DETROIT -- The heat is stifling. The humidity is even worse. The air is filled with stench in the candle-lit bathrooms. The place is a mess with wires and cable strewn all over, and bags of junk food litter a long table usually used to sort news scripts.

People are sweaty and testy, munching on chips and stumbling around looking for water bottles in the dark. We're the lucky ones. We, at least, have a little light and a little water. Many others don't. It is Day Two of the Great Blackout of 2003.

The show must go on, even though most of our viewers can't watch. An emergency oil-fueled generator keeps our station on the air, and we broadcast continuously throughout the crisis, although with limited power in the newsroom.

At first, I thought it was a temporary blackout caused by too much demand on a sultry summer afternoon. I got on the phone with DTE Energy, the parent company of Detroit Edison, the major power supplier for southeastern Michigan. They don't have a clue other than noting the power outage is widespread and may be tied to a problem with the grid system.
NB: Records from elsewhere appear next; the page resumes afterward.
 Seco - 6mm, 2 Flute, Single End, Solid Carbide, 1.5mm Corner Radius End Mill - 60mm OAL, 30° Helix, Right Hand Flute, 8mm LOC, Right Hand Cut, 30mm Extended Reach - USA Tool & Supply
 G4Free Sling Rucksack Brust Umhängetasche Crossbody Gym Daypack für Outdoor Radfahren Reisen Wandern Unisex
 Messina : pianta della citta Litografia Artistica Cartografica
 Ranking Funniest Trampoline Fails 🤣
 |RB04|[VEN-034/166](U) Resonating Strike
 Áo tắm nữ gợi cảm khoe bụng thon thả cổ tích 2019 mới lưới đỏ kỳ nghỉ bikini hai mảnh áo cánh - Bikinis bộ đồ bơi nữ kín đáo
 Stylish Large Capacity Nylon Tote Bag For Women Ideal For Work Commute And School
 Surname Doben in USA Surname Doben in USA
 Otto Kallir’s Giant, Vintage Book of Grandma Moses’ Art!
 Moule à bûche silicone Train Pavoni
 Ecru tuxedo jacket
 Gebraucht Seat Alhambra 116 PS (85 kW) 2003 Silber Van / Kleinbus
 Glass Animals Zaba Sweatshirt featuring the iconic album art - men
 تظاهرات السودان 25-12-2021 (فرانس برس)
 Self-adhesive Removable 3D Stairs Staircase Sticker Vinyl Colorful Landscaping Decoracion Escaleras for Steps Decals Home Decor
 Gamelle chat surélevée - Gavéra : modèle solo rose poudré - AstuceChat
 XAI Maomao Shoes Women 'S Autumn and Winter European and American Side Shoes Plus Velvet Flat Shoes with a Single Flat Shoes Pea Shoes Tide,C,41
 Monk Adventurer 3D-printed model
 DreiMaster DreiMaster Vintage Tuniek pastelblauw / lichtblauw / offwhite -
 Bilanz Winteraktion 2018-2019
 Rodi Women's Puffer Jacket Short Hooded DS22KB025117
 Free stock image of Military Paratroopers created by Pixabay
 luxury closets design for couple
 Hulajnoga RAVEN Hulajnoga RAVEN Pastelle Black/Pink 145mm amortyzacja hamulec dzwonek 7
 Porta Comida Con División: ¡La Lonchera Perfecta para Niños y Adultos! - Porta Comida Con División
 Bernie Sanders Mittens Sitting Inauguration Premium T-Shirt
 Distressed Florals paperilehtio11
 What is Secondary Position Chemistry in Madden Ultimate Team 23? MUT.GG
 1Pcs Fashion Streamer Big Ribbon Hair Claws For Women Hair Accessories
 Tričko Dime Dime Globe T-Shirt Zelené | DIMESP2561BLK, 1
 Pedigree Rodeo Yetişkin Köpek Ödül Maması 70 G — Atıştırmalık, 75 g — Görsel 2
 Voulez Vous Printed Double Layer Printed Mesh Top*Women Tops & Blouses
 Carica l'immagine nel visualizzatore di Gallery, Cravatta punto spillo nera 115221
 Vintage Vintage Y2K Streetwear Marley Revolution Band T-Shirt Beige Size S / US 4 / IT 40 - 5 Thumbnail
My friend and colleague Murray Feldman, who's the best "by the seat of his pants" anchor I've ever seen, is on the air using grains of information to explain the dramatic story. He's cool and unflappable and tosses to me in the newsroom. Since I'm from Niagara Falls, and know these things, I explain the North American grid system and remind viewers that in the big blackout of 1965, which put New York City in the dark, the problem was eventually traced to a failure at the Sir Adam Beck Plant in Queenston, Ont., just north of Niagara Falls. I mention the importance of Niagara with its vast generation and transmission facilities.

An hour later, reports are everywhere that the problem originated when lightning struck the Robert Moses hydroelectric plant in Lewiston, N.Y. I immediately think of Bill Evans, a friend and recently retired New York State Power Authority employee. Bill had worked at the plant for 30-plus years.

I get hold of Bill on his cell phone as he's driving back from a day at the PGA golf tournament in Rochester. Bill is very knowledgeable and articulate, and he can explain technical issues so average people can understand. (Full disclosure: Bill's wife, Marie, and my wife, Elizabeth, are first cousins.)

Our station does a phone interview with Bill and he correctly debunks the lightning myth that both President Bush and Canadian Prime Minister Jean Chretien initially bought. He also talks about long-deferred maintenance and capital investments at energy plants across the nation. Bill raises the question about the effects of deregulation and how energy brokers are making new demands on the system.

Bill is much more honest and candid than the greedy corporate types who run energy companies for short-term profits and the co-opted politicians who are supposed to oversee their conduct in the public interest.

New Mexico governor and former secretary of energy Bill Richardson has long worried that demand for electricity has increased while our infrastructure, especially the electric grid that connects us all to energy plants across North America, has simply not kept pace.

In a New York Times op-ed column, Richardson says investments by utility companies have been woefully inadequate and that they have not built nearly enough transmission lines.

The companies in pursuit of more customers have stretched the grid to its limits to gain competitive advantage. Richardson says mandated reliability rules are imperative. He reminds us, "In 1998, President Bill Clinton proposed legislation that would have required utility companies to protect and promote grid reliability. Utilities now operate under voluntary guidelines developed by the (North American Electric) reliability council, which in practice means no one has to comply."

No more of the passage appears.